Bitcoin Rebound Has Crypto Options Traders Anticipating $100K
The number of active bitcoin call contracts is significantly higher than puts, indicating bullish market sentiment.
The recent resurgence in Bitcoin’s price has ignited a surge in interest among options traders, particularly in out-of-the-money call options ranging from $70,000 to $100,000 strikes. Analysts indicate a prevailing sentiment that Bitcoin’s trajectory leans towards further upward movement.
Since Federal Reserve Chairman Jerome Powell dismissed the possibility of additional tightening or rate hikes, Bitcoin has surged by over 12% to $63,470, according to CoinDesk data. The validation of Powell’s stance by Friday’s disappointing U.S. nonfarm payrolls (NFP) data has further fueled Bitcoin’s recovery.
Consequently, there has been a discernible uptick in demand for Bitcoin call options on prominent platforms such as Deribit and over-the-counter (OTC) networks. These options are notably aimed at anticipating a rally towards new highs, potentially surpassing $75,000 and even reaching $100,000.
According to a note from QCP Capital on Monday, there has been a bullish continuation in volatility and rates following the rebound, with a notable demand for BTC September expiry $75,000 and $100,000 calls. This trend is echoed by Paradigm, an OTC institutional cryptocurrency trading network, which observed increased demand for out-of-the-money (OTM) calls or those positioned well above Bitcoin’s current market rate.
Deribit data indicates a significant accumulation of over $688 million in call options with a $100,000 strike across various maturities, marking the highest notional open interest among all options listed on the exchange.
At present, more than 150,000 call option contracts with a total value of $9.5 billion are active on Deribit, reflecting bullish market sentiment, as evidenced by the fact that this volume is more than double the open interest in put options.
Market analysts, encompassing both fundamental and technical perspectives, are largely aligned in their view that Bitcoin’s trajectory is tilted towards higher values. Factors such as the U.S. election cycle and ongoing deficit spending continue to underpin this bullish sentiment.

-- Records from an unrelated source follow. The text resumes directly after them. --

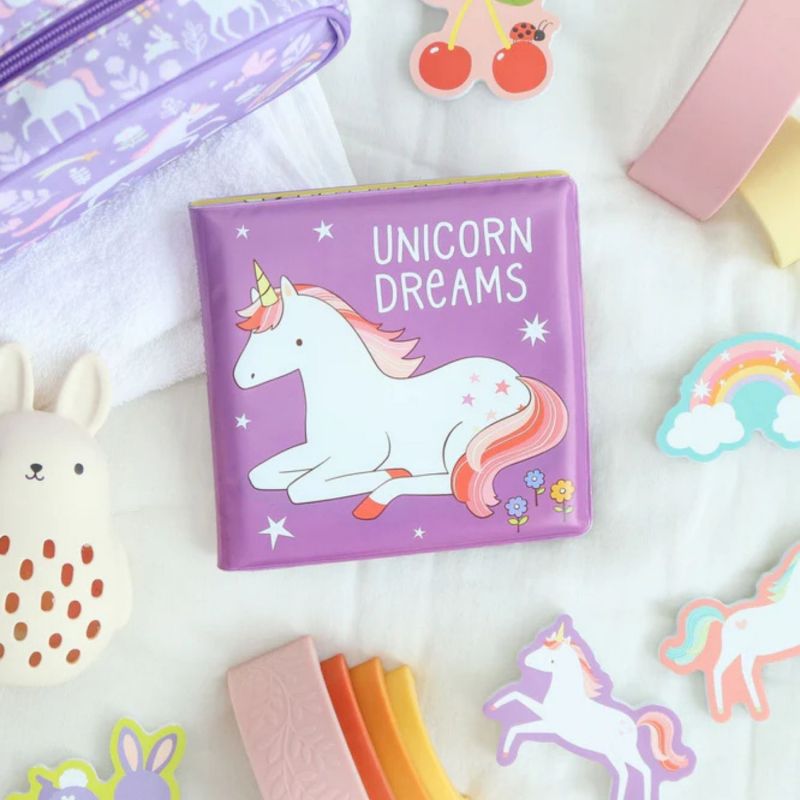 Livre de bain Rêves de licorne A Little Lovely Company Ambiance 6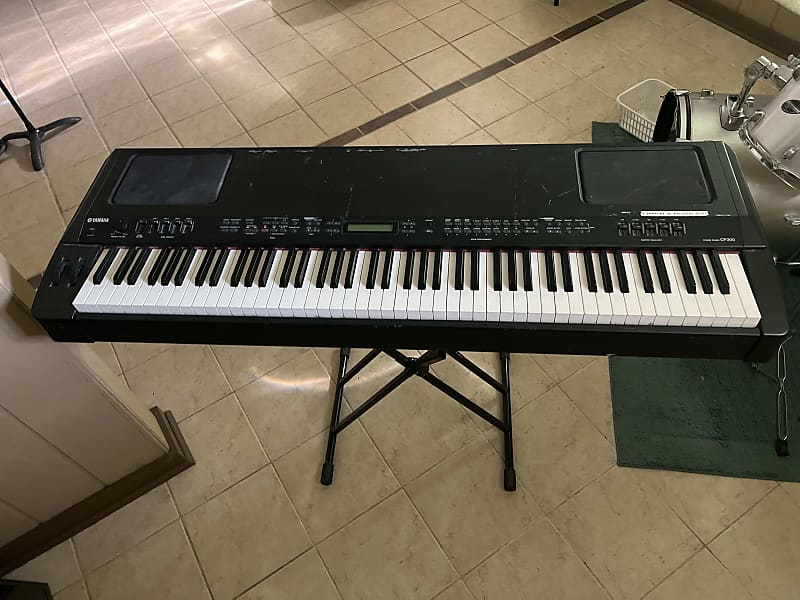 Yamaha CP300 88-key Stage Piano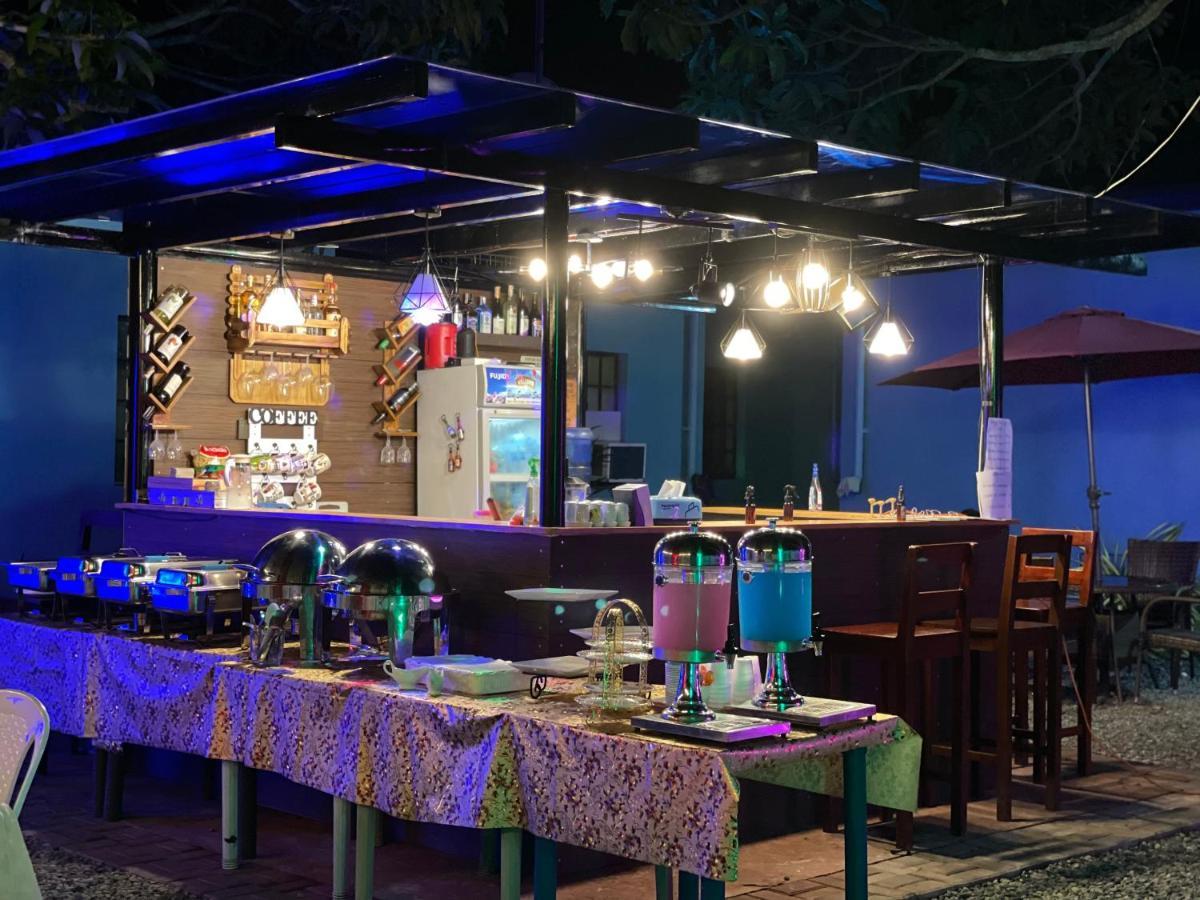 Blue Summer Suites & Restaurant Bingag Екстер'єр фото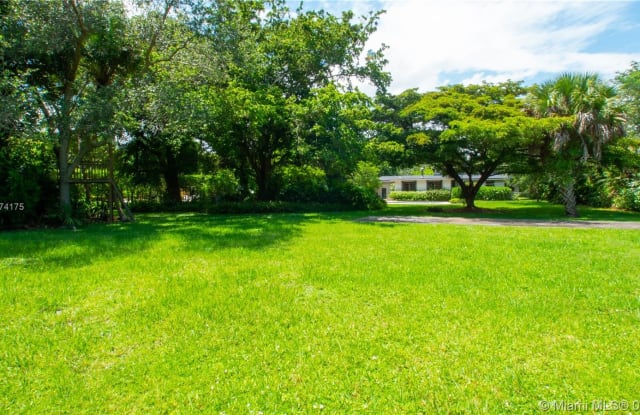 6300 SW 114th St - 6300 Southwest 114th Street, Pinecrest, FL 33156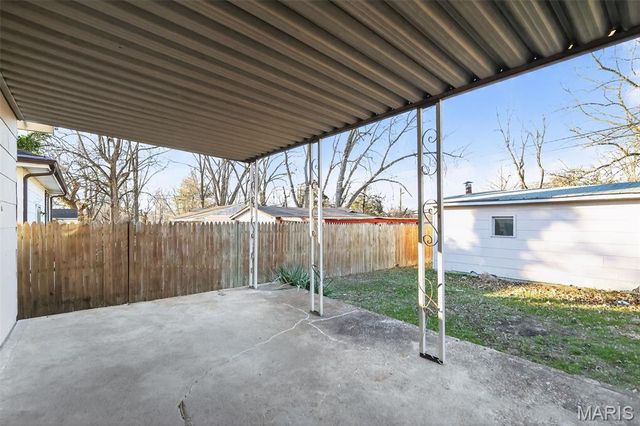 9739 Balboa Drive, St Louis, MO 63136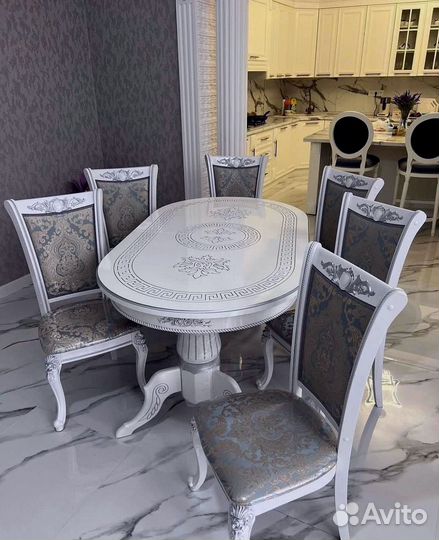 Кухонный стол и стулья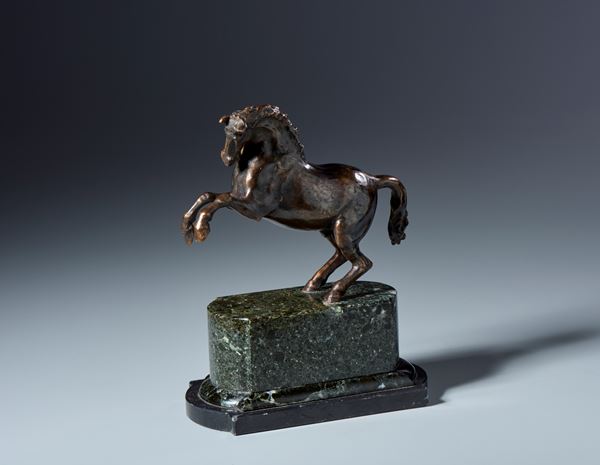 Cavallo rampante. Francesco Fanelli (Firenze, 1577- Parigi? 1663) Scuola di. XVII-XVIII secolo. Bronzo con patina bruno rossastra trasparente su tracce di patina scura
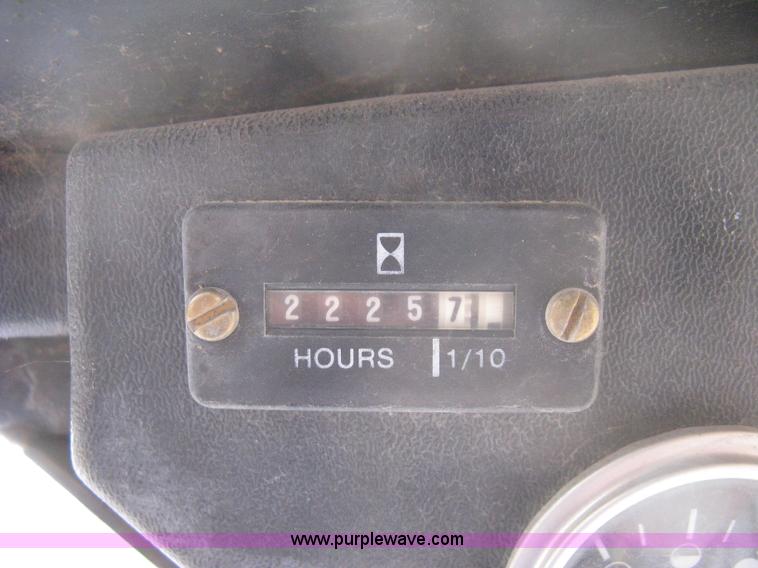 image for item 8159 1993 Bobcat 753 skid loader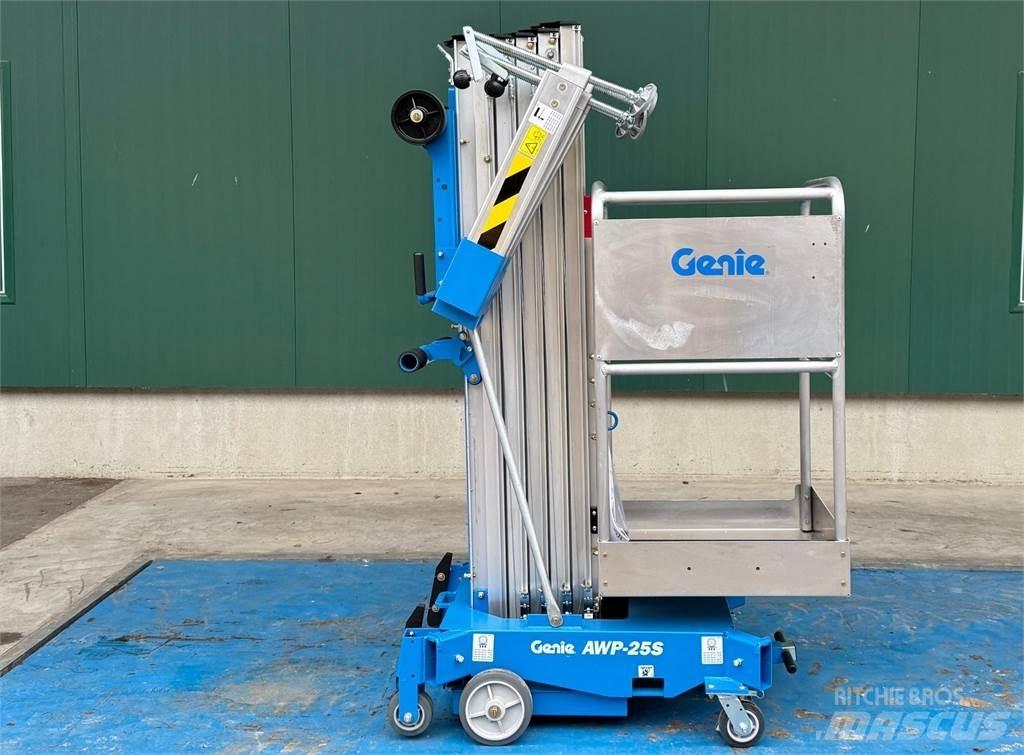 Genie AWP-25S AC Ostali kranovi i platforme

10X Research, for instance, adjusted its strategic threshold from 68,300 to 62,000, suggesting a tactical bullish stance above the latter figure. Swissblock Insights anticipates a continued defensive stance for the dollar index (DXY), which typically bodes well for risk assets, including cryptocurrencies. Elliot wave analysis by John Glover, chief investment officer of Ledn, suggests a potential rise in Bitcoin’s price to around $92,000.
As per Elliot wave theory, trends unfold in five waves, with 1, 3, and 5 representing the primary trend, while 2 and 4 denote temporary retracements. Glover’s analysis indicates a forthcoming upward movement in Bitcoin’s price trajectory.